» **Your goal**: Which lines come from the start of the listing through the line holding "MEN #523936 replica"? Restate exactly those, both included, minus the pictures.

*** Opening Records to use ***

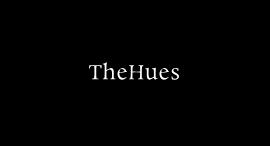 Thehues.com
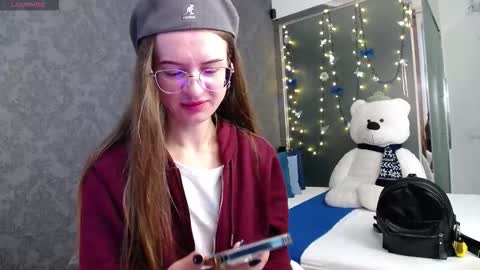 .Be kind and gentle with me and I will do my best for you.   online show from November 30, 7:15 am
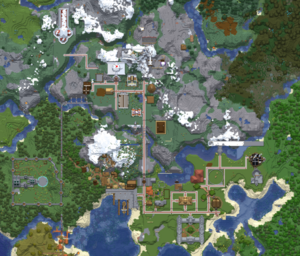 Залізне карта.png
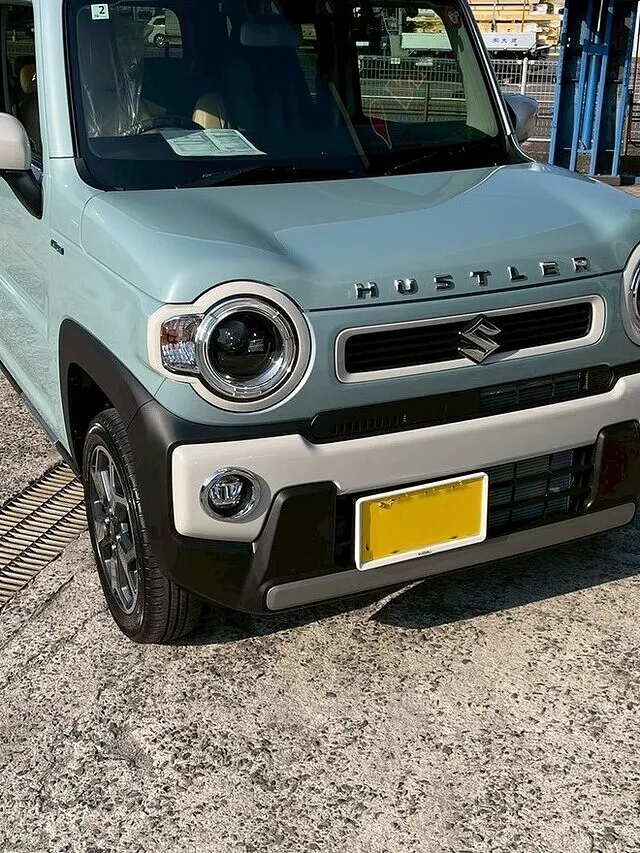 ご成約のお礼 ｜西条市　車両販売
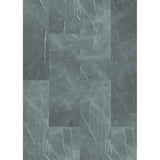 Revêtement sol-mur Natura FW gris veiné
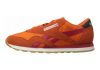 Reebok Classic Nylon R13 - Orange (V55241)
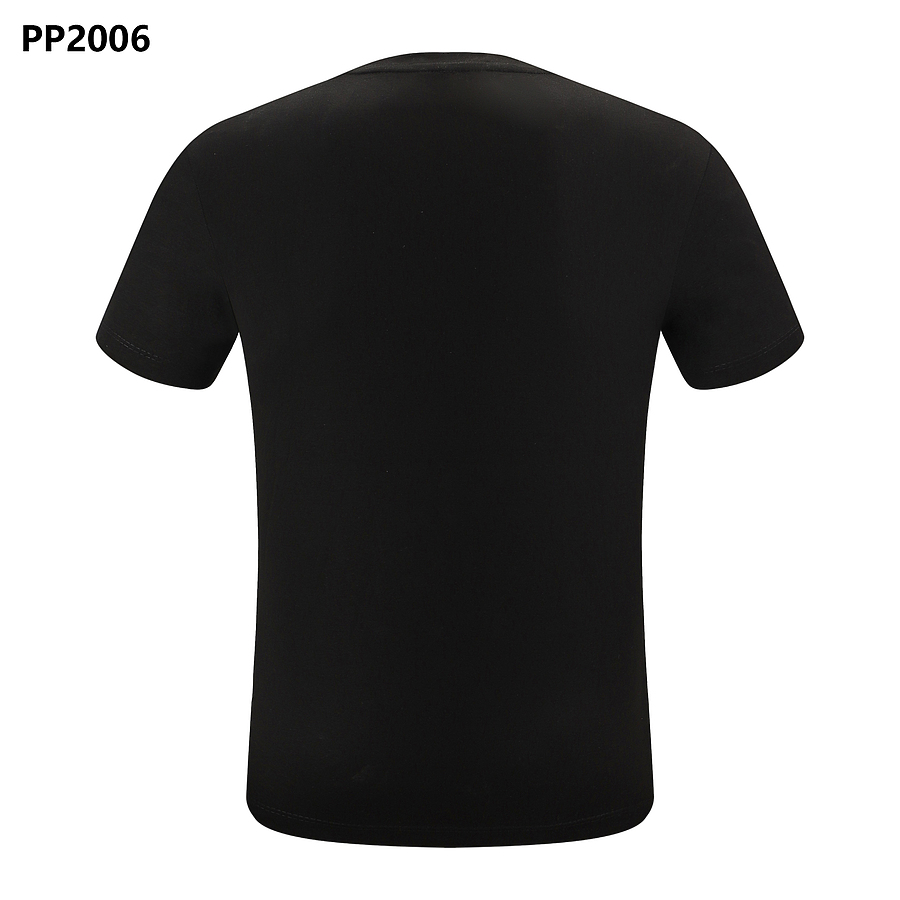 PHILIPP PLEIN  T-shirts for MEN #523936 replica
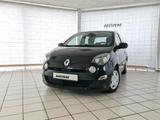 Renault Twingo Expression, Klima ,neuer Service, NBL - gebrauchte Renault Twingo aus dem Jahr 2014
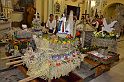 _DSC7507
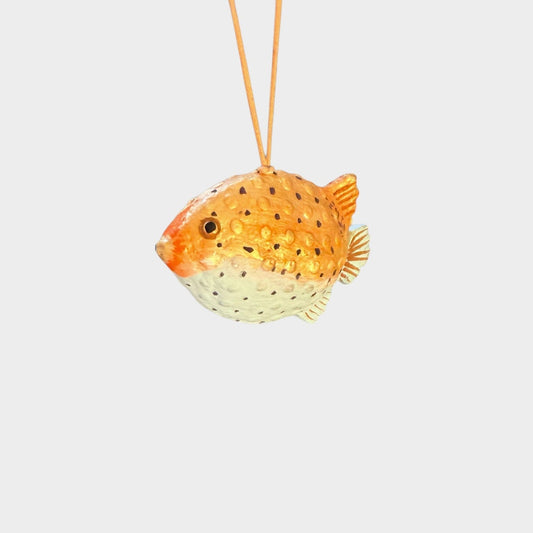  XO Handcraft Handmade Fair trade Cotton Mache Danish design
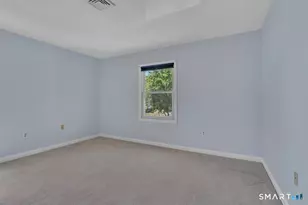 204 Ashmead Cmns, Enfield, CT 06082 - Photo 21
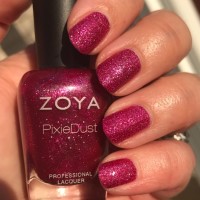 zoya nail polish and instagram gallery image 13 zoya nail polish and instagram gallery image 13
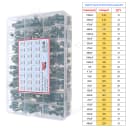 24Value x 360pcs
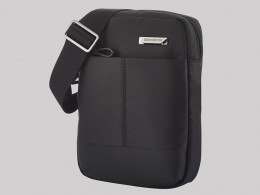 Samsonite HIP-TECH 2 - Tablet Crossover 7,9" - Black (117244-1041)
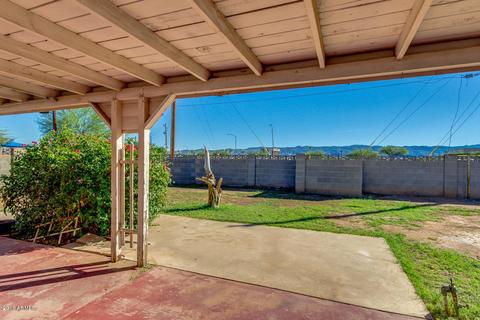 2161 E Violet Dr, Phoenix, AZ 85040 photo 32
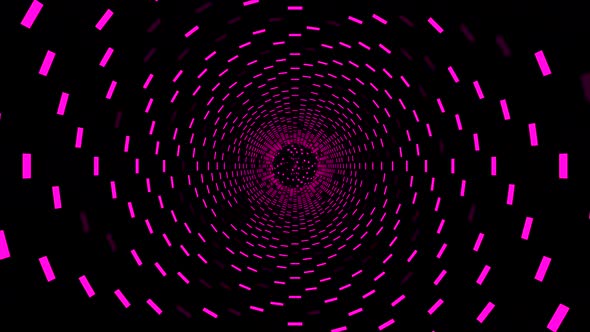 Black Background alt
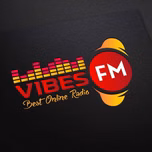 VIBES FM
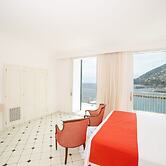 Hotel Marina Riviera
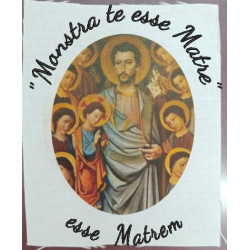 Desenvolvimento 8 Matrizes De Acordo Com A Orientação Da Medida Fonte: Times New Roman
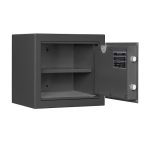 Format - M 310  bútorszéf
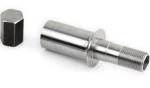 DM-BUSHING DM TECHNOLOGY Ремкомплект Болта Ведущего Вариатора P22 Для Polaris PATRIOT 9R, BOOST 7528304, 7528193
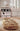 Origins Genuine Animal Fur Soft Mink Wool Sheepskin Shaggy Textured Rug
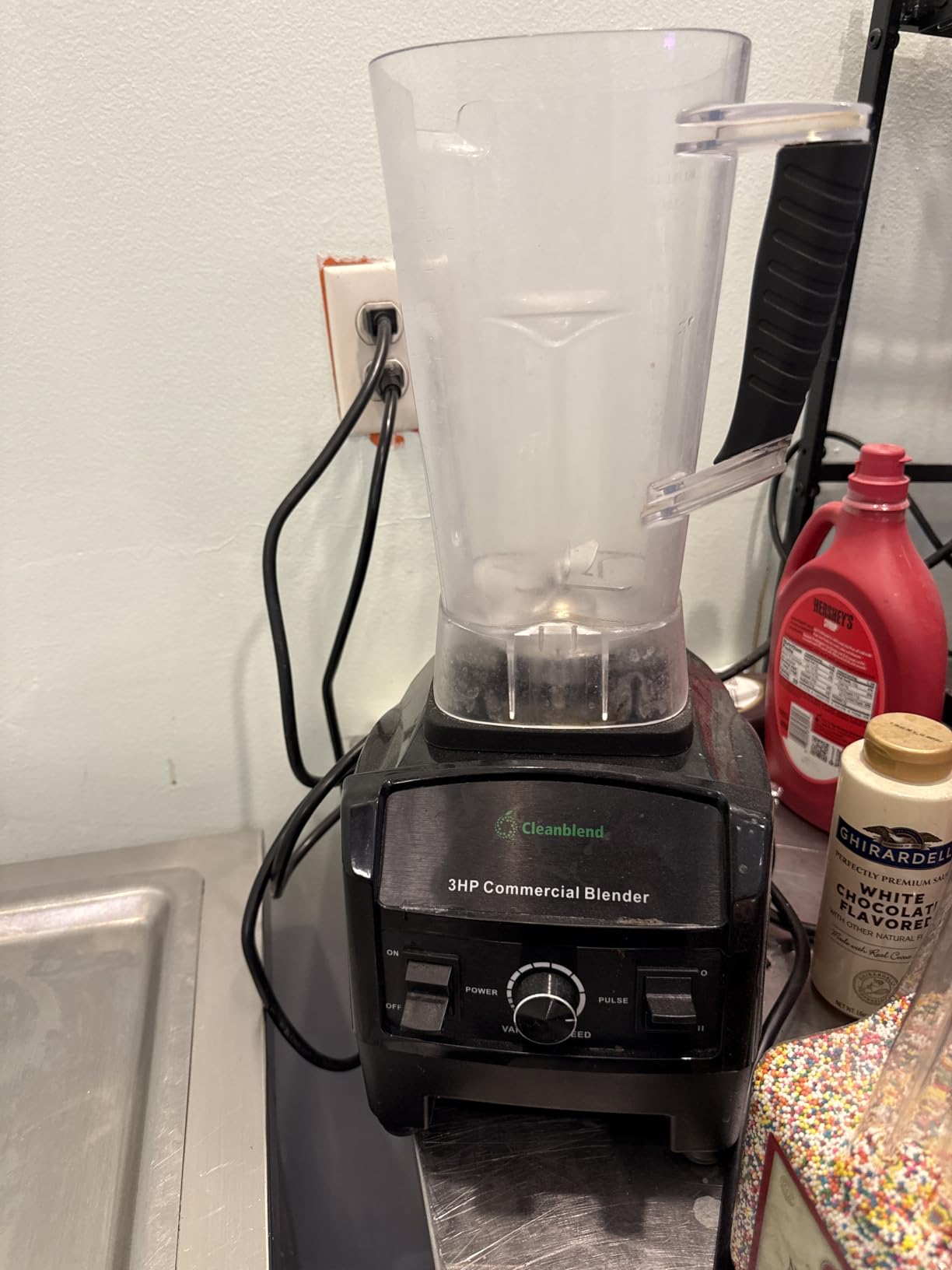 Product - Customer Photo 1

*** Closing Records to use ***

» **Solution**:
 Thehues.com
 .Be kind and gentle with me and I will do my best for you.   online show from November 30, 7:15 am
 Залізне карта.png
 ご成約のお礼 ｜西条市　車両販売
 Revêtement sol-mur Natura FW gris veiné
 Reebok Classic Nylon R13 - Orange (V55241)
 PHILIPP PLEIN  T-shirts for MEN #523936 replica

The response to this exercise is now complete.